In more recent times, the property has been a filming backdrop for films, music videos, television sitcoms and fashion advertising.

Now priced at $21.5 million, the listing agent is Craig Knizek of The Agency, Beverly Hills.

New York color
Gloria Vanderbilt’s Manhattan apartment was just as colorful and fashion-forward as the lady herself. Gloria, who died in 2019 at the age of 95, was a socialite known around the world, great-great-granddaughter of Cornelius Vanderbilt, and the mother of CNN anchor Anderson Cooper. She was also an artist and clothing designer who made her own fortune when she first put her name on a pair of designer jeans. What followed was a career that made denim-fashion history. Her charming Beekman Place apartment was listed for sale in July at $1.12 million. The apartment is now in contract and, according to the listing agent, received many offers substantially over the asking price.
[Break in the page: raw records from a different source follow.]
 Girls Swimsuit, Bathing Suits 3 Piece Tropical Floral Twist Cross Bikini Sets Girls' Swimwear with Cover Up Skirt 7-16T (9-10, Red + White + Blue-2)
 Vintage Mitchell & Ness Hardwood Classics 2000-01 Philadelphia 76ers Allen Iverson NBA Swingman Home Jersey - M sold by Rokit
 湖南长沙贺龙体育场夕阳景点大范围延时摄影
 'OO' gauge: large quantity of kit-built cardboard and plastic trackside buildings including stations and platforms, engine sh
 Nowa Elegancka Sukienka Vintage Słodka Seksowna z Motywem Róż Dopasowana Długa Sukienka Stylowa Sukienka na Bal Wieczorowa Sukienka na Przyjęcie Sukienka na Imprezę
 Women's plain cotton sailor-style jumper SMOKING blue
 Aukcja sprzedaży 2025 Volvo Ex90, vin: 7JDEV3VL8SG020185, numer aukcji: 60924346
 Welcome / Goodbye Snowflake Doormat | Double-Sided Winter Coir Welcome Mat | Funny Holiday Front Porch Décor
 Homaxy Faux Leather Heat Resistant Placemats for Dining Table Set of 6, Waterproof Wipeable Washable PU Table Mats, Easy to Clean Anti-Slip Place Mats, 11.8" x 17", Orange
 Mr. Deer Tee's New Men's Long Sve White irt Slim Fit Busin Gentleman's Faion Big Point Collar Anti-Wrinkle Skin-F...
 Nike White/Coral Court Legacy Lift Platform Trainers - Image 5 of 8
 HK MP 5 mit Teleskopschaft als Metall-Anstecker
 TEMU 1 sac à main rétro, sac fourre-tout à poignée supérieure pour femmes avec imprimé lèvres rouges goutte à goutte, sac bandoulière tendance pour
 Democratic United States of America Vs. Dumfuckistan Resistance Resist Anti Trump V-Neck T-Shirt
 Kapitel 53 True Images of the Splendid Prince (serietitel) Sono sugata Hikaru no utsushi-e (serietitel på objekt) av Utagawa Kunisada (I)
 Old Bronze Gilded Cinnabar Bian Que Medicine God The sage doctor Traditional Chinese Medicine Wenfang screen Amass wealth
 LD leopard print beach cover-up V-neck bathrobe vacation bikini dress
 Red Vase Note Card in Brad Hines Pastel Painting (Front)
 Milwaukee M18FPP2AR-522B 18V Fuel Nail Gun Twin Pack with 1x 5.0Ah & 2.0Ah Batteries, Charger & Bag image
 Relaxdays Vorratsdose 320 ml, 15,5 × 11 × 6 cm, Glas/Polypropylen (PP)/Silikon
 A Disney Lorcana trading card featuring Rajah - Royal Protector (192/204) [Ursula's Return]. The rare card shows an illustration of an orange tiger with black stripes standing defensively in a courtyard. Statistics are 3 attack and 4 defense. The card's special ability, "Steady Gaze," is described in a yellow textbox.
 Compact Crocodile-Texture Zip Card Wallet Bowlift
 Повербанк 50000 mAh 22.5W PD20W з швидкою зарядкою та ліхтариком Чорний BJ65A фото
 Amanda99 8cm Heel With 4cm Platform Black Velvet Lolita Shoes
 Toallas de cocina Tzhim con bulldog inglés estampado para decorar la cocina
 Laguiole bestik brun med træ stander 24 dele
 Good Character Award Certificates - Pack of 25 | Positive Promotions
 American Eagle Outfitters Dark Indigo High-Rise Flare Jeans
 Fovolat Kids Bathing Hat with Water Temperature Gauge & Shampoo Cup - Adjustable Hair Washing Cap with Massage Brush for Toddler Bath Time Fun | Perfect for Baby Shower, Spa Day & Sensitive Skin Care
The sale has not yet closed, nor has the final sale amount been revealed [at time of writing].

Built in 1931 and designed by George F. Pelham, Gloria’s home is in a ten-story, 38-unit full-service building located in one of Manhattan’s most exclusive neighborhoods. The pre-war building retains many of its original details, including the canopied front entrance. It has a 24-hour doorman, new fitness center, and access to the River Walk just across the street. In addition to strolls along the River Walk, the building is close to restaurants, shops and other activities.

Vanderbilt’s apartment has three bedrooms, three baths, an eat-in kitchen, a library and a cozy fireplace. Gloria turned it into a magical setting with her unique flair for art and design. Under her ownership it came alive with color and whimsy, making a visit there a true experience for her many friends. An additional two-bedroom apartment on the ground floor, which Gloria used as her studio, will be for sale soon, though a price has not yet been determined.

Celebrities have long been drawn to Beekman Place, including Lillian Gish, Joan Crawford, Sigourney Weaver, Bill Blass, Aristotle Onassis and Tom Jones.

Ileen G. Schoenfeld and Aracely Moran of Brown Harris Stevens, Manhattan office on Broadway held the listing.